As all over Amsterdam, the back wall of the phone booth had been decorated with a collage of garish and explicit cards advertising strip shows, sex lines, and prostitutes. Naughty Schoolgirl Needs Spanking one claimed, Leather Lover Likes Licking another promised. It was a smorgasbord of sex; each girl pictured was more attractive and with bigger breasts than the next. Every whim catered for, every fantasy only a phone call away.

Stepping right into the phone booth, the shattered handset still dangling from its cable, Tom studied each of them carefully.

“Are you that bored?” Jennifer joked, the hollow echo of her voice throbbing in the deadened stillness of the tent.

“Not exactly,” he replied without looking up. “I’m just thinking that if he wrote something down, he might have just grabbed the nearest available piece of paper. There’s nothing on any of these, though.” He examined each one in turn. “But look. There’s a card missing here.” He pointed to where the back of the phone booth was showing through the dense patchwork of cards, a solitary island of black plastic amid a sea of naked flesh. “Are you sure they didn’t find a card or something on the floor?”

“The file would have said.”

“Well… that’s it, then.” His voice conceded defeat. “If he did write on one of these it must have blown away. Maybe he wasn’t writing at all. I guess we need to look somewhere else.”

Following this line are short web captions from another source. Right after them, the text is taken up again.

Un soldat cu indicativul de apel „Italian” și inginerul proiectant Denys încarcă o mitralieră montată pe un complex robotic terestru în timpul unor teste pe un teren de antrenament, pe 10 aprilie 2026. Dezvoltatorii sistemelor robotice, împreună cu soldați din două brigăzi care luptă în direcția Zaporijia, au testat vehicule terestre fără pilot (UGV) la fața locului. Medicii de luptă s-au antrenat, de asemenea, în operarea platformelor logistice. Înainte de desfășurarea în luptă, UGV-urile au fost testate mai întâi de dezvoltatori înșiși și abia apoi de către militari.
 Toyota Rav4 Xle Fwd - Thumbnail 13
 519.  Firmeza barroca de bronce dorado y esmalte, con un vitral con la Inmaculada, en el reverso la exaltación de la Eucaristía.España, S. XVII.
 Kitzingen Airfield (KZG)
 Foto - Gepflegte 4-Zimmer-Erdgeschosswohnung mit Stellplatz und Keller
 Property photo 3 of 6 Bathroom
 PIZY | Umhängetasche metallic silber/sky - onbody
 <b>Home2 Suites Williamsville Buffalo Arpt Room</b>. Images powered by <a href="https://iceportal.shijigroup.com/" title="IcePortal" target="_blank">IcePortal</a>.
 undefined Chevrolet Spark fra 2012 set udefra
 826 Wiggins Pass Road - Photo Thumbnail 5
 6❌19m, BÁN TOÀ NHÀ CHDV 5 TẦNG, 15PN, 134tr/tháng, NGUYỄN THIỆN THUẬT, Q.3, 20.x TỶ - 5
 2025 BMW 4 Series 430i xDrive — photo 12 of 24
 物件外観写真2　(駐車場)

He looked away, his face creased in disappointment. But then something caught his eye. A small flash of white — nothing more than a fleck. Stepping closer, he could see that it was the corner of a card that had fallen down the back of the phone.

He took his sunglasses off his head and using one of the rubberized arms, teased the corner out until he was able to pinch it between his thumb and forefinger. He drew it up into the open, the paper slick between his perspiring fingers.

It featured a blond girl wearing nothing but cowboy boots and hat, her breasts partially concealed by the invitation to Ride Me, Cowboy! Tom held the card up to the gap on the phone booth wall. It fit perfectly.

“I think we just got lucky.” He smiled.

“What does it say?” Jennifer stepped toward him.

She squinted at what had been hastily scrawled in the top left corner of the card. Numbers of some sort. Tom read them out: 0090212.

“What do you think it means?”

“I’m not sure.” Tom fluttered the front of his shirt to try and get some air to circulate against his skin. The plastic tent was trapping the heat like a sauna, the hot air slopping over them both like the backwash from a jet engine.